Drop me a message, if you have a pull request, dump from your display or a question.
You may use this blog's comment function or send me an email: sua-edid-32b37f1c at w2o.jjim.de


Montag, 4. März 2013

Earlier I mentioned the bad SRH805S Clone from China, that was no good in any kind. Yesterday I forced it open and wanted to share the pictures of the inside with you:

Device consists of a single coil aroud a PVC-stem


The coil is screwed into the SMA-f connector directly
The coil has a diameter od 9mm and a total of 7 turns. I'd really like to measure, if there is ANY resonant frequency, but I still can not afford the equipment. :/

Anyway: This antenna is no good on no VHF/UHF Ham Band in Germany ;).

Freitag, 8. April 2011

SOTA - Go tell it on the mountains

Not very long ago I noticed, that the german DM branch of the SOTA project has 2 summits very near of where I live. These exist for quite some time, but I was not paying attention to SOTA at all for many years - I was not even aware, it existed, to be honest. Last weekend, me and my girlfriend where trying to get outside and I could convince her to visit one of the summits. I was not going to activate it, but instead look, if there was a decent place to try an activation from. I have visited this summit before (DM/NW-003) and it has a beautiful look over the Rhine area.

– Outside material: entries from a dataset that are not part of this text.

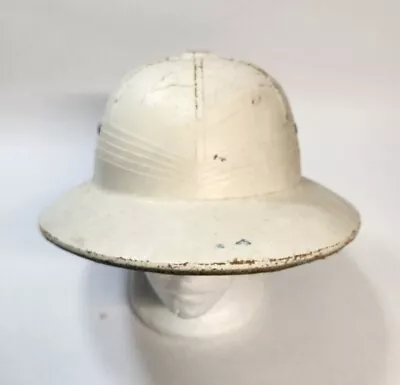 VTG Military White Pith/Safari Helmet. Pressed Fiberboard Construction  • $19.99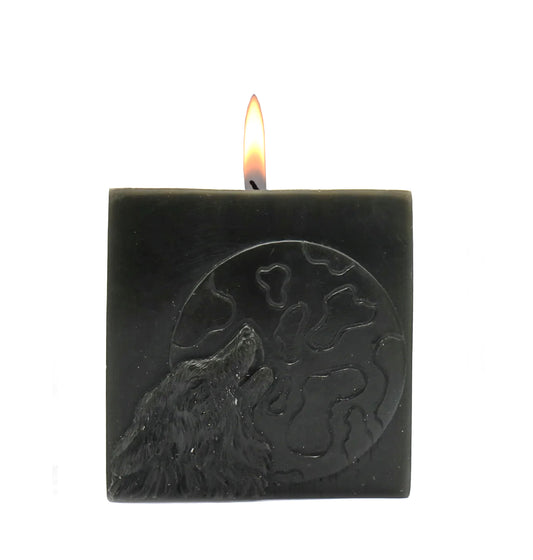 3x ROOGU Loup Lune Bougie Parfumée Vanille Vert Foncé Cube Bougie
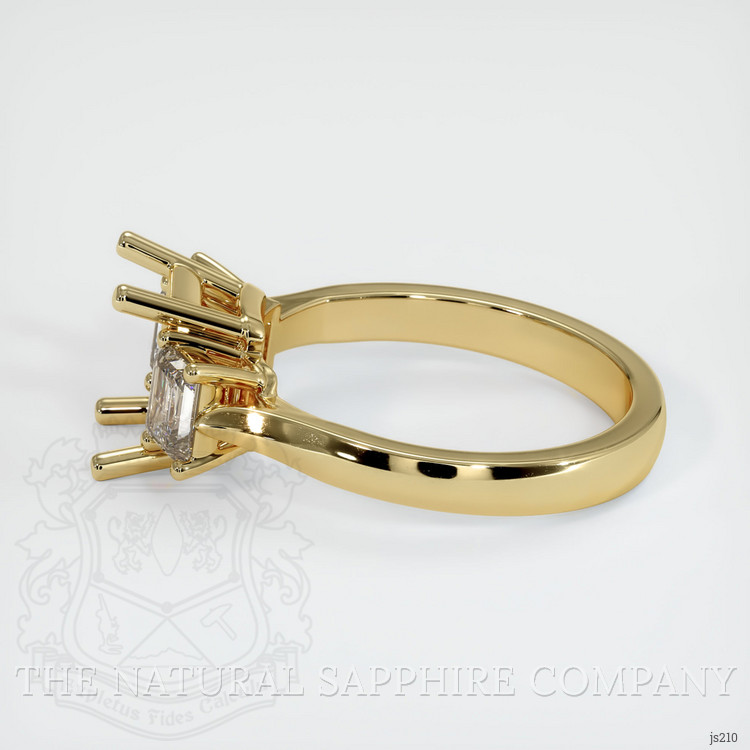 10K Yellow Gold Three Stone Ring Setting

Tiny panorama view from the DM/NW-003 summit
On the top of the so called Ölberg, there is a small restaurant and on the top of that, the antenna of DB0SG, a local 70cm repeater. Usually from there I try to work DB0FT, a 2m repeater about 120km south of the Ölberg. I always think of it as a challenge, to turn down the transmit power as low as possible and still get reasonable reports. Sadly, I reached the repeater very well with 50mW and my NA-701 whip using the Kenwood TH-F7, but my CQ calls were left unanswered. ... Still remaining: A bunch of beautiful pictures that we took and that panorama picture.

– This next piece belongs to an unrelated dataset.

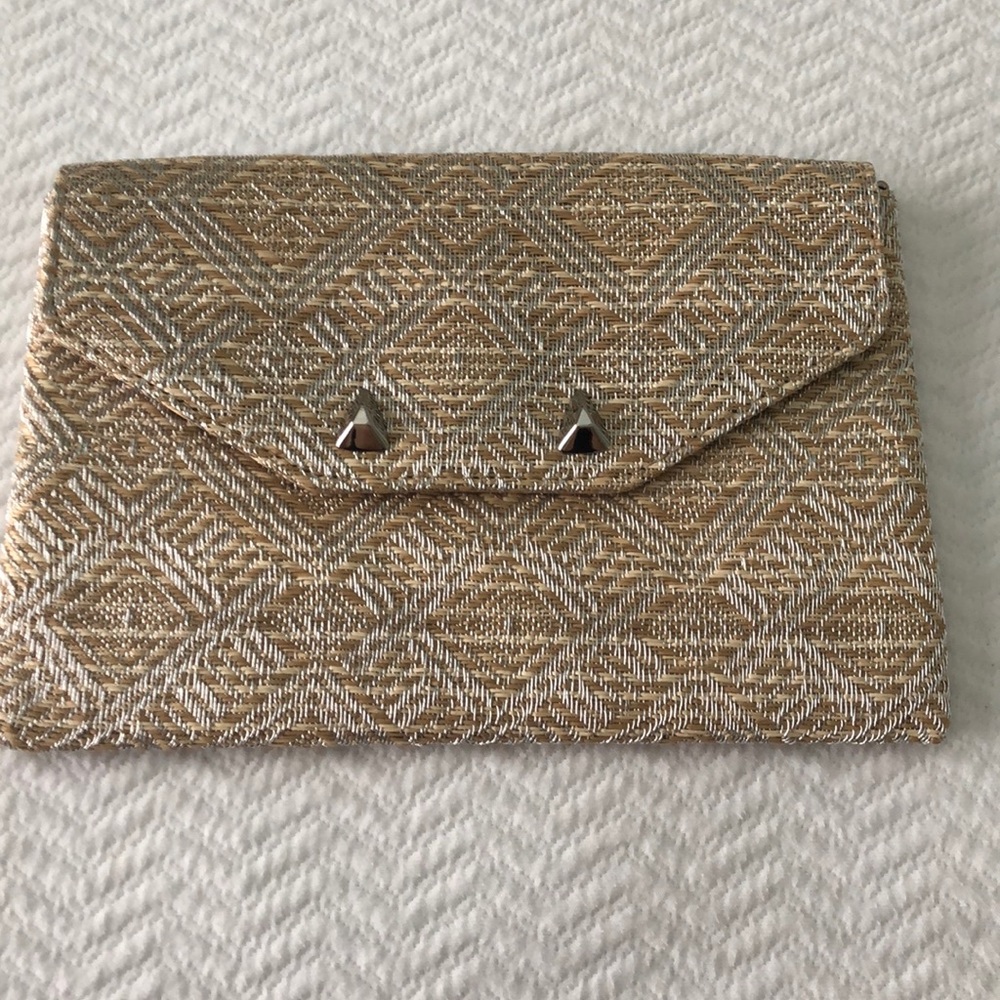 Stella & Dot Metallic Raffia City Slim Clutch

Tiny panorama view from the DM/NW-001 summit
In the summer, I will revisit and activate that summit as well as DM/NW-001 on 2m as my start in the SOTA program. I am looking forward to that!

73 de DO5GBN

How about low budget QRV? Part 1 - The Candidates

Since I own a amateur radio license, I carefully watch auctions on ebay on that topic. Usually I am very excited about portable transceivers. This way, I could already equip some friends to enter the ham world.


The last 18 months, the number of auctions listed got much bigger. Endless listings of items, originating from china appeared, prominent names being Wouxun, Puxing, Linton, NKT, JMT, Weierwel. For many of these items, descriptions and other information was very hard to find on the internet, if there was any. The price of these new items and accessories was – including handling and shipping from china – much less than those for used transceivers of well known manufacturers here.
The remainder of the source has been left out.